### PROVIDED DATA
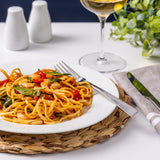 Price & Kensington 27cm Simplicity Rim Dinner Plate - White Porcelain, Dishwasher & Microwave Safe - Home Deco London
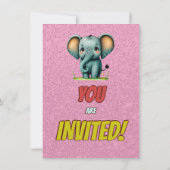 Elephant Niedlich Personalisierten Geburtstag Einl Einladung (Rückseite)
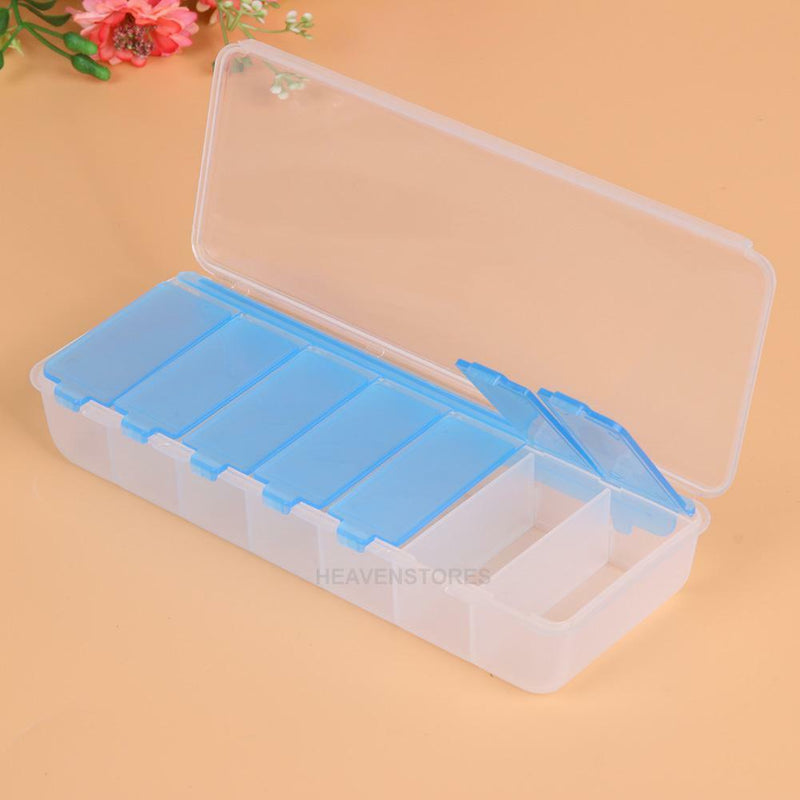 Large 7 Compartment Holder Convenient Jewelry Contact Lens Storage Box hv2n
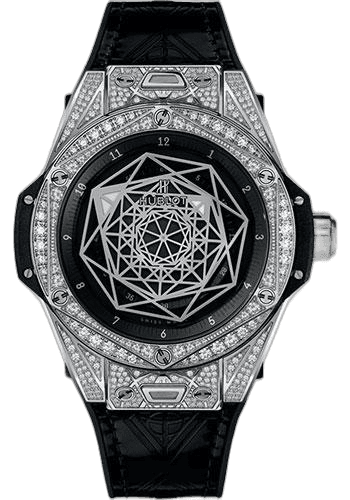 Hublot Big Bang Sang Bleu Steel Pave Watch-465.SS.1117.VR.1704.MXM18 39mm Pavé Black Dial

### YOUR INSTRUCTIONS
Please return the lines from the line with "Large 7 Compartment" through the last line of the data, both included, exactly, and without pictures.

### OUTPUT FOR THIS EXERCISE
 Large 7 Compartment Holder Convenient Jewelry Contact Lens Storage Box hv2n
 Hublot Big Bang Sang Bleu Steel Pave Watch-465.SS.1117.VR.1704.MXM18 39mm Pavé Black Dial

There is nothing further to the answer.